Every person’s transition as they die will be different, as some pass away quickly and painlessly, while others may experience gradual decline and, unfortunately, prolonged suffering.

To ease the transition for a dying loved one, it’s important to know how to provide comfort, support, honesty, and reassurance throughout the process.

When Hospice Care Is Needed?

If it becomes clear that your loved one likely has several months of life left, his or her healthcare team may suggest placement in hospice care. Hospice can provide specialized healthcare services for those who are at the end of life without the possibility of recovery.

In hospice care, loved ones will still receive treatment to maximize comfort throughout their transition, but it can also provide additional spiritual or emotional support for everyone involved in their passing.

How to Determine When a Loved One Is in the Process of Dying?

As a close family member or friend’s health begins to deteriorate, there are some signs to look for that are a normal part of the dying process. The following are signs that you may be able to identify in adults, but they may differ for children and teenagers.

One to Three Months Leading Up to Death

During these early stages, you’re likely to notice one or more of the following:

  • More sleep 
  • Decreased appetite 
  • Talking less 
  • Withdrawal from people along with activities they normally find enjoyable 

One to Two Weeks Leading Up to Death

At this point, your loved one may experience severe fatigue, along with the following signs:

  • Dramatic changes in sleep patterns 
  • Diminished thirst and appetite 
  • Additional pain 
  • Minimal urination and bowel movements 
  • Changing heart rate, breathing, or blood pressure 
  • Confusion or a decrease in responsiveness 
  • Increasing and decreasing body temperature that can affect body heat and appearance 
  • Congestion 

Keep in mind that while pain is treatable, it may become difficult to administer medication orally. Also, although breathing issues could be alarming, they typically don’t come with pain and are treatable.

Visions or Hallucinations

Some people during the dying process may experience hallucinations or visions, which are often comforting. It may be best to avoid convincing your loved one that any of these vivid experiences are unreal, particularly if they find solace in them and could become upset.

In the Final Days and Hours

As your loved one approaches his or her final moments in those last days or hours, you may notice that they completely cease eating or drinking, urination and bowel movements stop, as do visible reactions to pain.

Some other signs that could signal the end could also include glazing or buildup of tears in the eyes, decreased body temperature, irregular or difficult-to-detect heartbeat and pulse, blue-purple skin color on hands, feet, and knees, or slowed breathing and gasping.

The person may also periodically lose and regain consciousness.

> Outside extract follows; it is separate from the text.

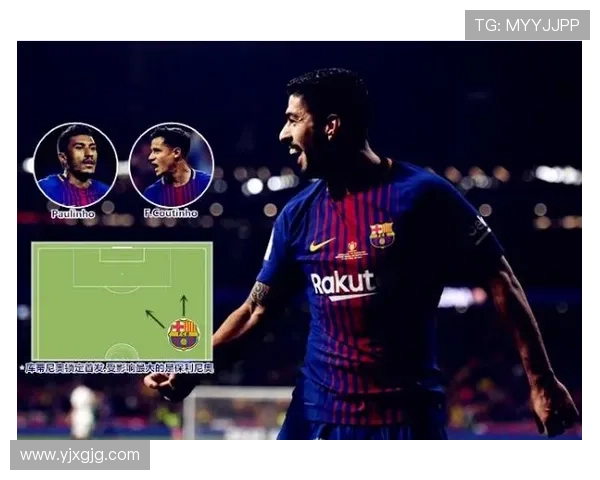 从中场到右路爆点：巴尔韦德的位置演变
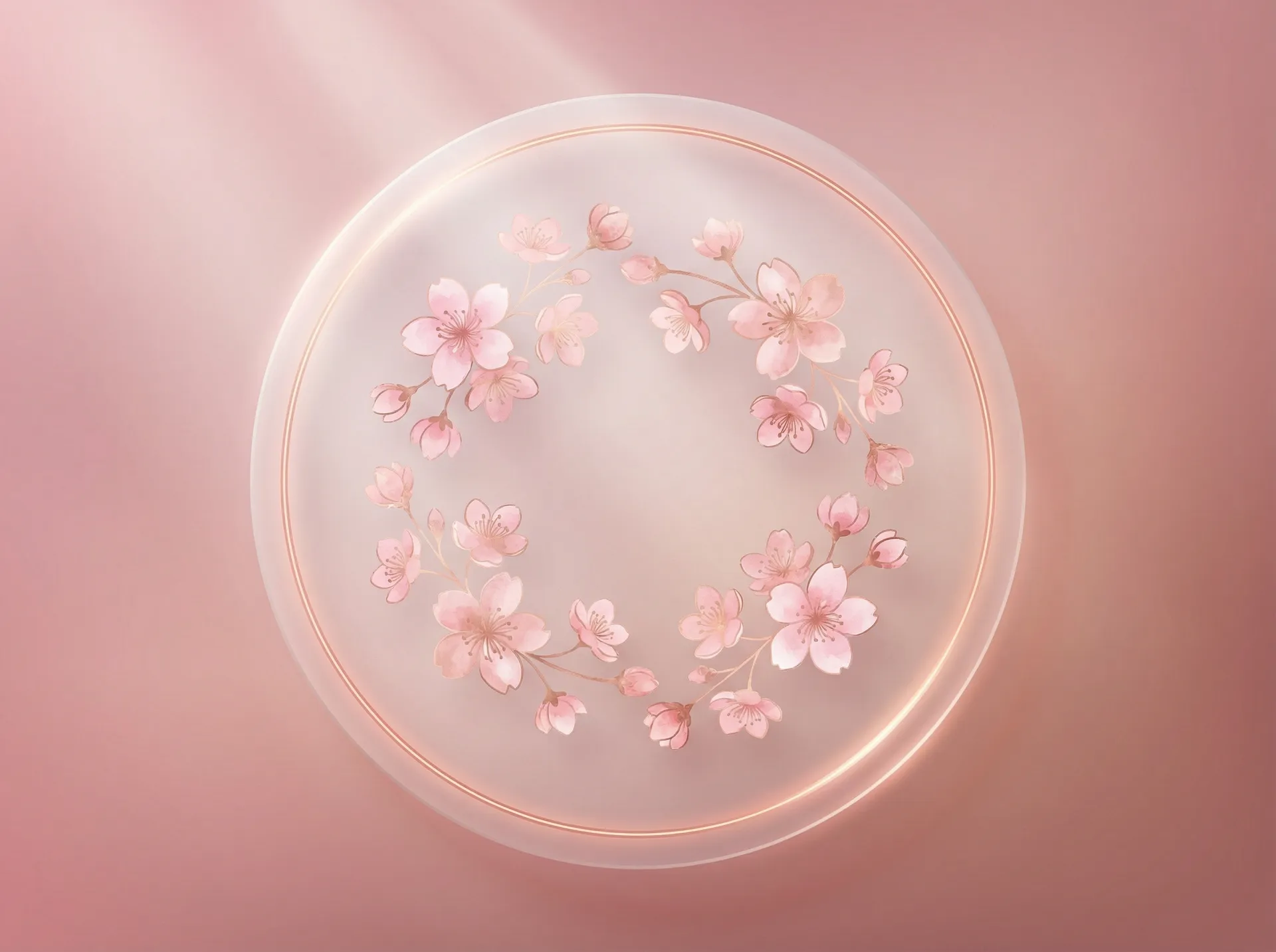 桃花视频 - 动漫里藩犬夜叉 精选厂牌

What to Do in Those Final Moments

During the last days or hours preceding death, you may notice that your loved one experiences a certain level of confusion. They may also appear to struggle and could strike out, attempt to leave their bed, or call out to family and friends. On the other hand, some could experience moments of clarity and lucidity. Regardless, it’s important to do what you can to maximize comfort during this stage.

Some steps you can take as the final hours approach is to keep the room well-lit but ambient, make sure the space is quiet and tranquil, and provide gentle physical contact for reassurance. Medication may also be administered to help further ease the transition.

Saying Final Goodbyes

During your loved one’s final moments, it will come time to call in family and friends to say their goodbyes. Throughout this process, the person’s hospice care team can help make sure that you and your family are prepared for what will happen.

Oftentimes, a person won’t pass away while everyone’s gathered. They may only die once everyone has said their goodbyes and left, so don’t feel like you need to be there at the very end.

Knowing what to look for and how to approach a person’s death can help ease the dying process for you, your loved one, and the rest of the family. You can also seek help from caregivers for additional support throughout the transition.